I start with finding a projective resolution for $M$. An arbitrary element of $M$ is $\sum_{n \leq 0}a_nX^{-n}$, so I was looking at a surjection $\oplus_{i=1}^{\infty} k[x] \to M$, where we map $$ (1,0,0,\ldots) \mapsto 1 $$ $$(0,1,0,0,\ldots) \mapsto x^{-1}$$ $$(0,0,1,0,0,\ldots) \mapsto x^{-2}$$ and more generally $$e_i \mapsto x^{-i+1}$$ and extend this linearly.

The kernel of this map is generated by elements of the form $x(1,0,0,\ldots) ,x^2(0,1,\ldots),\ldots , x^{i}e_i$.

We continue the projective resolution by finding a map surjecting on this kernel, ie $\oplus_{i=1}^{\infty} k[x] \to \oplus_{i=1}^{\infty}k[x]$, where we define $(1,0,0,\ldots) \mapsto x(1,0,0,\ldots)$ $$(0,1,0,\ldots) \mapsto x^2(0,1,0,\ldots)$$ and more generally $e_i \mapsto x^{i}e_i$ and then extend this linearly. We thus have $P_{*} : 0 \to \oplus_{i=1}^{\infty} k[x] \to \oplus_{i=1}^{\infty} k[x] \to 0$.

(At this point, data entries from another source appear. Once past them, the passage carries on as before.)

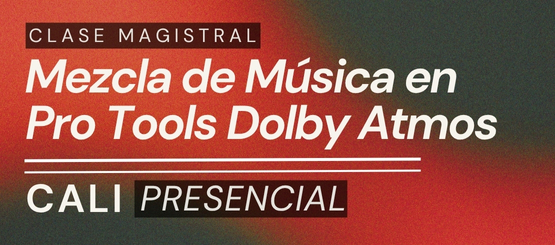 Banners Inicio Pagina Web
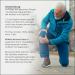 Wilvital Beinwell Ointment 200ml | 100% Natural Leg Extract with Horse Chestnut & Devil's Claw | Pain Relief for Back Shoulders Knees & Legs - International Shipping Available - Buy Online on GoSupps.com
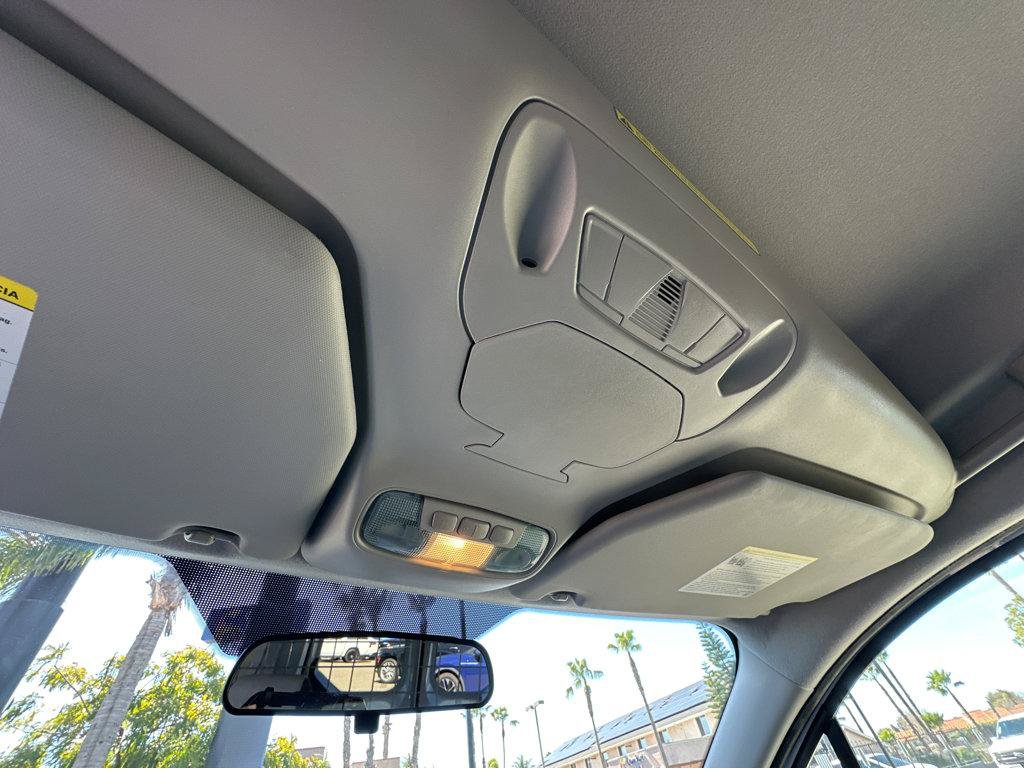 Used 2015 Ford Transit Connect XLT FWD image 23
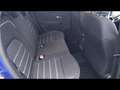 Dacia Duster 1.0 tce Prestige up Gpl 4x2 100cv Blu/Azzurro - thumbnail 9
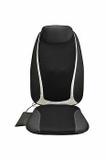 Massageador Assento R18 Shiatsu Massage Seat Relaxmedic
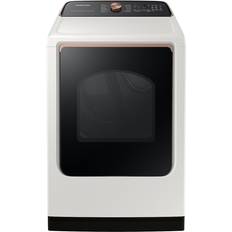 Washing Machines Samsung DVE55A7300E Smart cu.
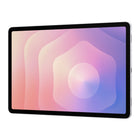Samsung - Tablette Galaxy Tab S11 - 128 Go - Argent-Faites face à votre quotidien sans crainte avec la Galaxy Tab S11 durable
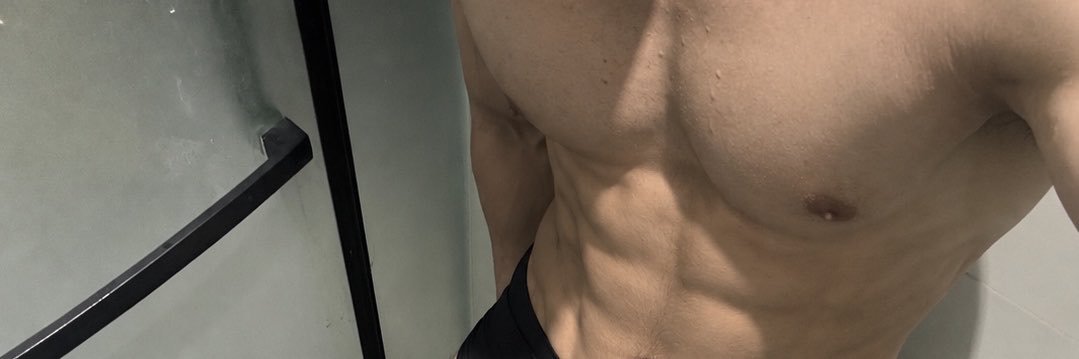 Yyyyyyyyfcgg's profile banner image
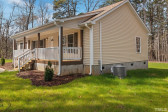 4723 Thomas Rd Henderson, NC 27537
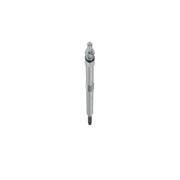 Bosch Diesel Engine Glow Plug 0 250 203 007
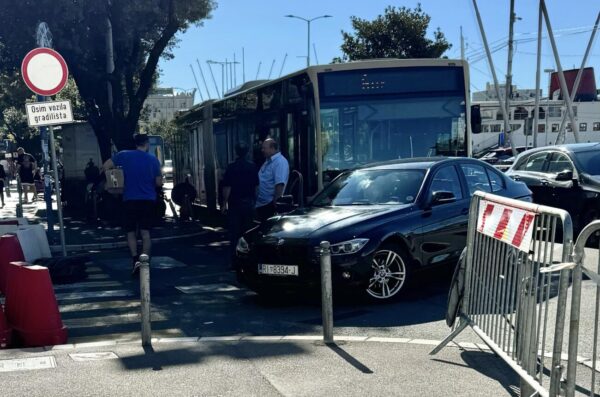 nesreća 100924 centar andrej 1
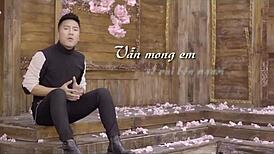 Why not play with your best friend in this sexy group sex?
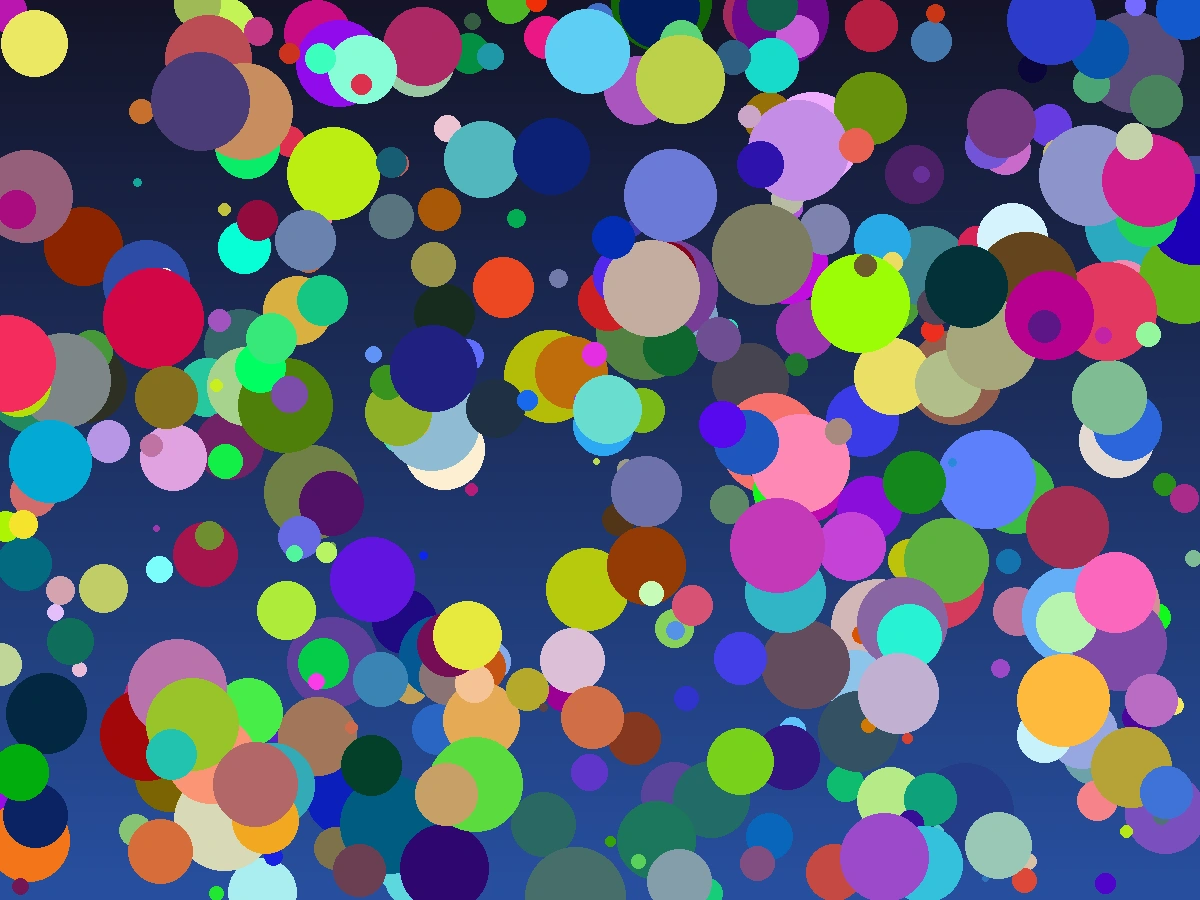 od体育下载APP手机客户端界面预览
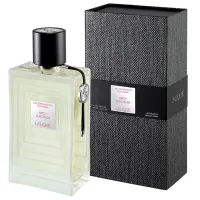 Парфюм унисекс Lalique Spicy Electrum Парфюмерная вода / Восточный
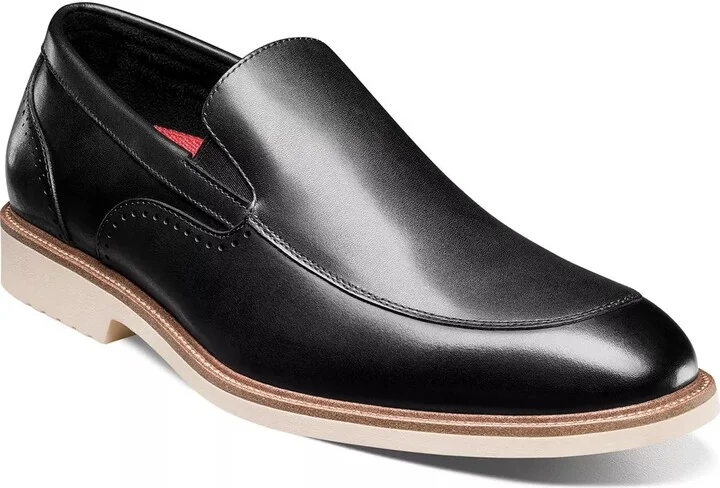 Stacy Adams Wellington Loafer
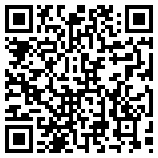 QR Code for Laura Comeau Dds in Santa Fe, NM 87505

We can then tensor this with $M$, so $P_{*}$ becomes $ 0 \to \oplus_{i=1}^{\infty} M \to \oplus_{i=1}^{\infty} M \to 0$ with the induced map being the zero map. So I guess this gives $\operatorname{Tor}_{*}^{k[x]}(M,M)$.

Something doesn't seem right to me, but I am not sure I can find where this argument is flawed. Any ideas?

EDIT: I guess I have found the first error in this argument. It's the kernel of the first map $\oplus_{i=1}^{\infty} k[x] \to M$ , i.e. $e_1 -xe_2$ is in the kernel, but that is not generated by $\{xe_1 , x^2e_2,....\}$.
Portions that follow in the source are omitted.